I have a variable pth which is a cell array of dimension 1xn where n is a user input. Each of the elements in pth is itself a cell array and length(pth{k}) for k=1:n is variable (result of another function). Each element pth{k}{kk} where k=1:n and kk=1:length(pth{k}) is a 1D vector of integers/node numbers of again variable length. So to summarise, I have a variable number of variable-length vectors organised in a avriable number of cell arrays.

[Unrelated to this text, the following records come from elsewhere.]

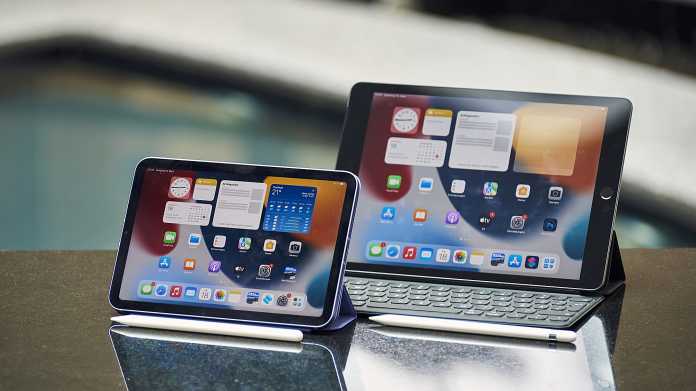 Zwei iPads mit Zubehör auf einem Tisch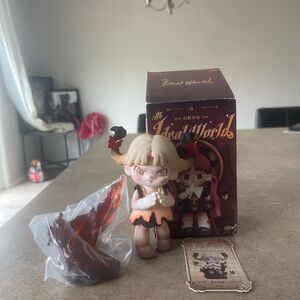 Dora Anxious Butterflies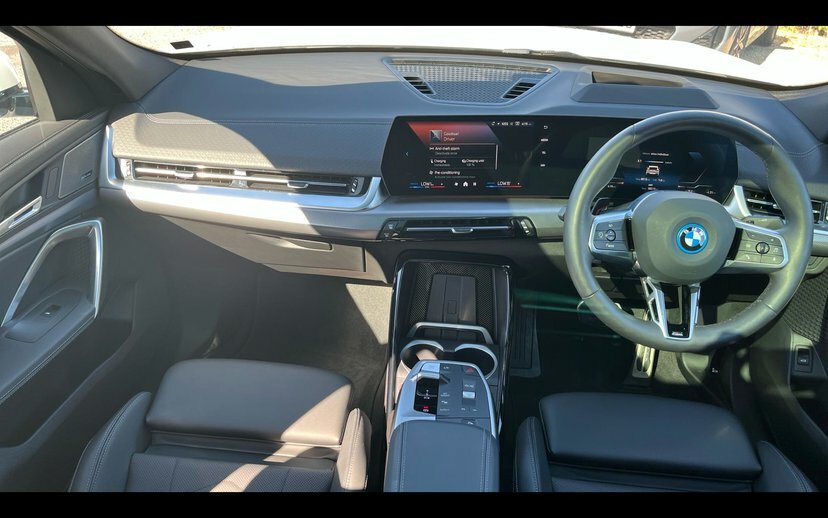 BMW iX2 30 66.5Kwh M Sport Xdrive 11Kw Charger White #4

I would like to try and find all possible intersections when you take a vector at random from pth{1}, pth{2}, {pth{3}, etc... There are various functions on the File Exchange that seem to do that, for example this one or this one. The problem I have is you need to call the function this way:
mintersect(v1,v2,v3,...)
and I can't write all the inputs in the general case because I don't know explicitly how many there are (this would be n above). Ideally, I would like to do some thing like this;
mintersect(pth{1}{1},pth{2}{1},pth{3}{1},...,pth{n}{1})
mintersect(pth{1}{1},pth{2}{2},pth{3}{1},...,pth{n}{1})
mintersect(pth{1}{1},pth{2}{3},pth{3}{1},...,pth{n}{1})
etc...
mintersect(pth{1}{1},pth{2}{length(pth{2})},pth{3}{1},...,pth{n}{1})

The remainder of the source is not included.